Both films open with a day in the life of an upper class suburban family. In The Desperate Hours it is the Hilliard family. Firewall features the Stanfield household. At the onset of the films a middle age husband/father is preparing to go to work. His wife, who is noticeably younger, is in the kitchen with their children. The teenage daughter is acting like a typical teenager and their young son is present as well. The son and daughter bicker as only siblings can. The husband kisses the wife goodbye and goes to work. When he returns home that evening his life and that of his family are forever changed.
In both films after the father has gone to work their homes are overtaken by a group of criminals. The family members are held hostage and told that they will be released once the group obtains their objective. Their motivations may differ but ultimately the bad guys in both films are looking for the same thing.
Both films feature the main stars past their physical primes. Humphrey Bogart was in his mid 50’s and Harrison Ford in his mid 60s. This being the case both stars proved that they were still vital and effective actors capable of carrying a movie.
Both feature seemingly unimportant moments in the opening scene that foreshadow later, more significant events.
In both films the captive families, especially the fathers, do not roll over easily. Under deep distress and the threat of violence there is push back against the captors. There are consequences to their actions but the families devote a good deal of time trying to devise ways out of their desperate situations.
As I stated the core of the plots of the films are similar. However, there are many plot points that ultimately make these two movies very different. One of the biggest points of difference between the films is the casting choices. The film’s basic plots may be similar, however Bogart and Ford do not portray the same role. Ford is his movie’s protagonist. Bogart, revisiting the villainous roles of his early career, is the antagonist of his movie. Ford’s Jack Stanfield is similar to Daniel Hilliard, the patriarch from The Desperate Hours. Hilliard is portrayed by Fredric March.
In both films the wife stays at home with the children while the father goes off to work. In The Desperate Hours, Eleanor Hilliard, portrayed by Martha Scott, appears to be a housewife. There is no mention of an occupation. In Firewall Beth Stanfield, portrayed by Virginia Madsen, stays at home, but she is an architect. Earlier in the movie she is shown working on a project. Later in the story one of their captors asks her about her design work. Early on in Firewall, Jack Stanfield mentions that the children are home from school for the week, so it is possible that this is the reason for Beth Stanfield being home as well.
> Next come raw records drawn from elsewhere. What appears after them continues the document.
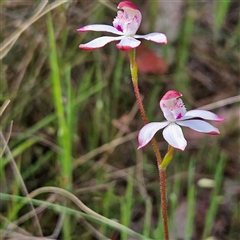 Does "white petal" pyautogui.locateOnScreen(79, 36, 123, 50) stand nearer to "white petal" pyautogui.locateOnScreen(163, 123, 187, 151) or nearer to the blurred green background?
"white petal" pyautogui.locateOnScreen(163, 123, 187, 151)

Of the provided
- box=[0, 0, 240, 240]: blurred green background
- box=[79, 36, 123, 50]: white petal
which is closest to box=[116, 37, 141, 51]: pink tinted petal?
box=[79, 36, 123, 50]: white petal

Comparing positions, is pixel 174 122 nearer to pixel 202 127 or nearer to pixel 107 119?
pixel 202 127

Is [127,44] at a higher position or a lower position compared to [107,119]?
higher

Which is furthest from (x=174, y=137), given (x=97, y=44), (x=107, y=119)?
(x=107, y=119)

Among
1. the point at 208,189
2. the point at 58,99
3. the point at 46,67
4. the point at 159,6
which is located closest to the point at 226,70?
the point at 159,6

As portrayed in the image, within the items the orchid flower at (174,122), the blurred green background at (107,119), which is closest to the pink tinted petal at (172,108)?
the orchid flower at (174,122)

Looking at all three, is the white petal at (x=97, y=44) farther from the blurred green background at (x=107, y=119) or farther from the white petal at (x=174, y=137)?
the blurred green background at (x=107, y=119) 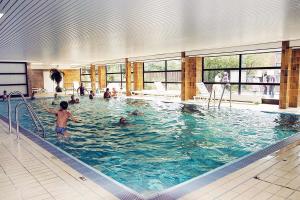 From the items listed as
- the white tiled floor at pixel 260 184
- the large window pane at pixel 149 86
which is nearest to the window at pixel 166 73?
the large window pane at pixel 149 86

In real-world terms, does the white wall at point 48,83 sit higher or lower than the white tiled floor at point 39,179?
higher

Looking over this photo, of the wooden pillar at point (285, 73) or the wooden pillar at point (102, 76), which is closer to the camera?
the wooden pillar at point (285, 73)

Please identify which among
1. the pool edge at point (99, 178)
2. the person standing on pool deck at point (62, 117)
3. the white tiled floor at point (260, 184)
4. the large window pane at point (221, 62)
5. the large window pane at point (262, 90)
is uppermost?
the large window pane at point (221, 62)

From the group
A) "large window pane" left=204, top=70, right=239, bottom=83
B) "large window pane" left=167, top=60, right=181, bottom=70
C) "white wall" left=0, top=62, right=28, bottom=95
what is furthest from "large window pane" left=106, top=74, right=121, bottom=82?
"large window pane" left=204, top=70, right=239, bottom=83

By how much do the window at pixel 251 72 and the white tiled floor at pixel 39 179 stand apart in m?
11.2

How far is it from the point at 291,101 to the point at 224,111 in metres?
3.37

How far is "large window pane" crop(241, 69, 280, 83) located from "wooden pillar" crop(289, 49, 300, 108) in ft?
4.25

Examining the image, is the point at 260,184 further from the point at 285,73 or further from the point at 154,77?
the point at 154,77

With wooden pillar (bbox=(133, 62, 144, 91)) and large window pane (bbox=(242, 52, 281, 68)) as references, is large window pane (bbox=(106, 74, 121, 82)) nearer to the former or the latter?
wooden pillar (bbox=(133, 62, 144, 91))

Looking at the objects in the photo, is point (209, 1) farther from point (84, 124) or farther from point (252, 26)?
point (84, 124)

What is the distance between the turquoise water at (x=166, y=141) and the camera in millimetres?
4430

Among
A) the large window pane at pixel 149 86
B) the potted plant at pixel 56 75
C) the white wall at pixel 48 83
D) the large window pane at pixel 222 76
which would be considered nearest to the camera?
the large window pane at pixel 222 76

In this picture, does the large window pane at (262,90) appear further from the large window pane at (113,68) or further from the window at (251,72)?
the large window pane at (113,68)

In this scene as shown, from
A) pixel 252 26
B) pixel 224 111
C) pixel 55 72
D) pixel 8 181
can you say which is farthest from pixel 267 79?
pixel 55 72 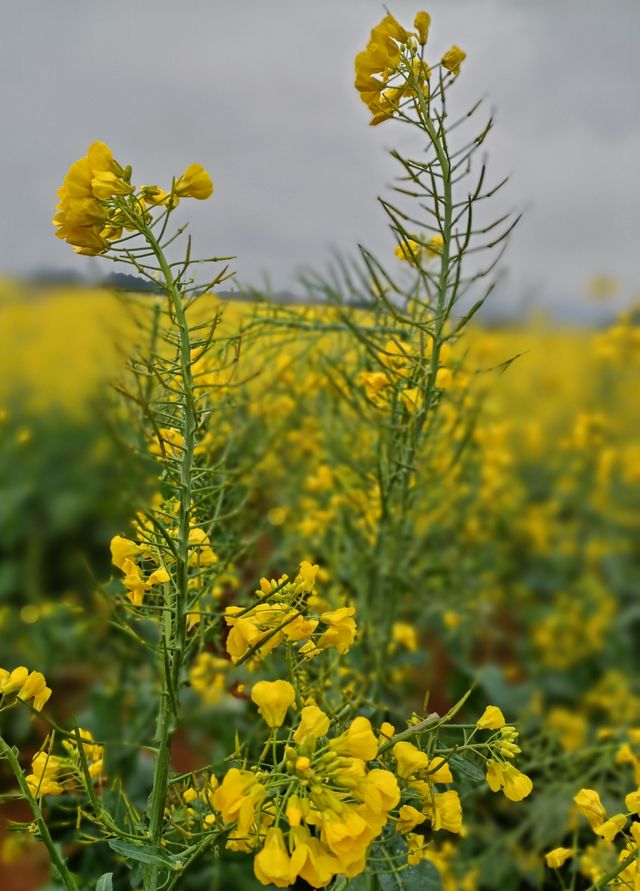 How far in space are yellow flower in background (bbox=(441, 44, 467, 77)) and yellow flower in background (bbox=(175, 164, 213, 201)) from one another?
1.03 ft

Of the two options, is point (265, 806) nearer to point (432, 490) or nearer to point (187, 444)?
point (187, 444)

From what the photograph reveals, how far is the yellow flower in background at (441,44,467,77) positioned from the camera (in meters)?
0.77

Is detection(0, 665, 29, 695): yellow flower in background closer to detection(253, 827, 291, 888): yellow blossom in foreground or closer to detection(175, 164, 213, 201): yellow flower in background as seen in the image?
detection(253, 827, 291, 888): yellow blossom in foreground

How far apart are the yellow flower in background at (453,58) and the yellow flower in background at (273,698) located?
58cm

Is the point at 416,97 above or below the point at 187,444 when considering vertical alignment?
above

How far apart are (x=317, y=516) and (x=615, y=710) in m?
1.23

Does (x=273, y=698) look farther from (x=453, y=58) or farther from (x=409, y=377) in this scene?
(x=453, y=58)

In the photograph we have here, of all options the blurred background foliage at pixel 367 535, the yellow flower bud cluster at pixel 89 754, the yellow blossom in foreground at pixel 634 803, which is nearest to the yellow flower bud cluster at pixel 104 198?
the blurred background foliage at pixel 367 535

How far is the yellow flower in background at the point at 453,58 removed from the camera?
2.54 ft

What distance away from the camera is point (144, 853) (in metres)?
0.61

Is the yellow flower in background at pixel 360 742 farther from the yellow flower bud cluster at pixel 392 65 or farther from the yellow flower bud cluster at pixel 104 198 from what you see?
the yellow flower bud cluster at pixel 392 65

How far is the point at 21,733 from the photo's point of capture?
6.69 ft

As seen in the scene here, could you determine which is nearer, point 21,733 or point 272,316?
point 272,316

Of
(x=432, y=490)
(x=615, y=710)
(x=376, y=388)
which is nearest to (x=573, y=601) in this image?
(x=615, y=710) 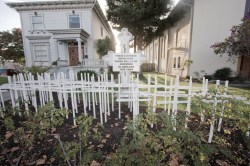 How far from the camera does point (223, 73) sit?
12.8 meters

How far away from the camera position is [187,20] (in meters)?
14.1

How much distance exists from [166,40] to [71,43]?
475 inches

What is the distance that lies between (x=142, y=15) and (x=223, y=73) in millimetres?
8716

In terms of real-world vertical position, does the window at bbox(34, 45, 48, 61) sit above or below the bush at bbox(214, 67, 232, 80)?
above

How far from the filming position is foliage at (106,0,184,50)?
12.8m

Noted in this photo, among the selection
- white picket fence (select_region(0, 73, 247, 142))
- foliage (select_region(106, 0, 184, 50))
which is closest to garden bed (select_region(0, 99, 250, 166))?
white picket fence (select_region(0, 73, 247, 142))

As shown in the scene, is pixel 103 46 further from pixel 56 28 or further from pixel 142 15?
pixel 142 15

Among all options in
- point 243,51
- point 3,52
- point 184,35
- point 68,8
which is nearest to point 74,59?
point 68,8

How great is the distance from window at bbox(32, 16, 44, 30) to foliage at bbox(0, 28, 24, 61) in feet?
52.0

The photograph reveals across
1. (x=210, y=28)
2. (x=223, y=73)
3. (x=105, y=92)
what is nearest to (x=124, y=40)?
(x=105, y=92)

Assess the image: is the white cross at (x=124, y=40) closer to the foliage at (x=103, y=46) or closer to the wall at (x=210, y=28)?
the wall at (x=210, y=28)

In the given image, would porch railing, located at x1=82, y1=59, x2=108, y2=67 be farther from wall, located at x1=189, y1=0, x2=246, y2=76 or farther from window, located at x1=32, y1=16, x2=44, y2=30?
wall, located at x1=189, y1=0, x2=246, y2=76

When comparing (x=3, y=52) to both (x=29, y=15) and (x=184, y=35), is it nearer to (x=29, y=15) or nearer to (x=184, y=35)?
(x=29, y=15)

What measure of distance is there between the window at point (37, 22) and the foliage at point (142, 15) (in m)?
7.39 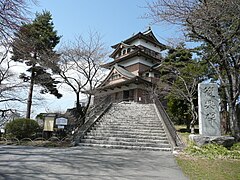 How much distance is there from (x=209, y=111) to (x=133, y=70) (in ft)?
71.0

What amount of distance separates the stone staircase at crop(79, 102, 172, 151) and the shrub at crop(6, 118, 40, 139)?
4054mm

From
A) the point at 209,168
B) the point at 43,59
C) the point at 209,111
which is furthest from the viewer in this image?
the point at 43,59

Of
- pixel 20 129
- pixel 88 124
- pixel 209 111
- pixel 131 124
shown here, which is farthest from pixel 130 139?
pixel 20 129

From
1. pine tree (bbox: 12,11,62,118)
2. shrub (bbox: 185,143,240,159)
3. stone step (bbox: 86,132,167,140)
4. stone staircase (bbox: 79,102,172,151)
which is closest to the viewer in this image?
shrub (bbox: 185,143,240,159)

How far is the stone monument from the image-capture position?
331 inches

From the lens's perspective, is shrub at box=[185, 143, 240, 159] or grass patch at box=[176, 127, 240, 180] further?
shrub at box=[185, 143, 240, 159]

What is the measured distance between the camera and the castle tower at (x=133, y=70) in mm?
26094

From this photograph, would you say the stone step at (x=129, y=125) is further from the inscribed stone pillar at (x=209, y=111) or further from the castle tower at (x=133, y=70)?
the castle tower at (x=133, y=70)

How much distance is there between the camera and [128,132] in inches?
432

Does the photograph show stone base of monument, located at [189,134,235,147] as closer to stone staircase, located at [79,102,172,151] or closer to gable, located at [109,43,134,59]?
stone staircase, located at [79,102,172,151]

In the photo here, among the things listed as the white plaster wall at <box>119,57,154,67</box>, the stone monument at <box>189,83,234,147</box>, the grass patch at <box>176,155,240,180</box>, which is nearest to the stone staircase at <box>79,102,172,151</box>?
the stone monument at <box>189,83,234,147</box>

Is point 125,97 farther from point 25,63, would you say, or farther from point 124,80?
point 25,63

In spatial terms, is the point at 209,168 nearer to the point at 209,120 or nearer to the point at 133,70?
the point at 209,120

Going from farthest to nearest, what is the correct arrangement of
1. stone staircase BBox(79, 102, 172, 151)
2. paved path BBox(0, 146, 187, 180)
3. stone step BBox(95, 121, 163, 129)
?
stone step BBox(95, 121, 163, 129)
stone staircase BBox(79, 102, 172, 151)
paved path BBox(0, 146, 187, 180) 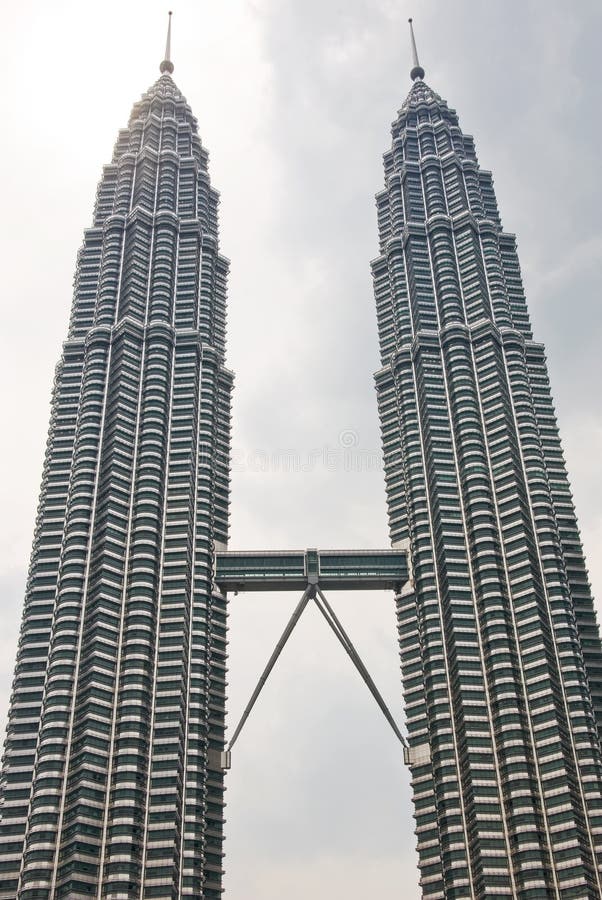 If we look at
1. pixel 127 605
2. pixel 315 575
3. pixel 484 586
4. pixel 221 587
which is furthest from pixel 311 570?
pixel 127 605

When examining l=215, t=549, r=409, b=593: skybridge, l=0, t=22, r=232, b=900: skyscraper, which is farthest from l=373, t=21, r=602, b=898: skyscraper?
l=0, t=22, r=232, b=900: skyscraper

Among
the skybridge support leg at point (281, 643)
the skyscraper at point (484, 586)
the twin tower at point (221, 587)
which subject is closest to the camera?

The bad guys motivation for entering the family homes differs greatly. In The Desperate Hours the house is chosen for a reason, but in the heat of the moment. In Firewall the house and the family are targeted for a specific reason. The invasion of the Stanfield house is part of a long, elaborate plan.
Humphrey Bogart’s The Desperate Hours and Harrison Ford’s Firewall are extremely enjoyable movies. Both are lesser known in the filmography of these two iconic actors. Both films share more than enough similarities to warrant comparisons. The basic story structure at the onset of each movie is similar. But as the movies progress they do go in different directions. Both films ultimately come to the same resolution. That said, each winds down a very different path to arrive at their conclusion. As a fan of Humphrey Bogart and Harrison Ford I highly recommend both films. Over the last several years I have viewed these films multiple times. Of the two I viewed Firewall first when it was initially released in the theaters. Years later after watching The Desperate hours I realized how similar the two films were. This realization has enhanced my appreciation for both films.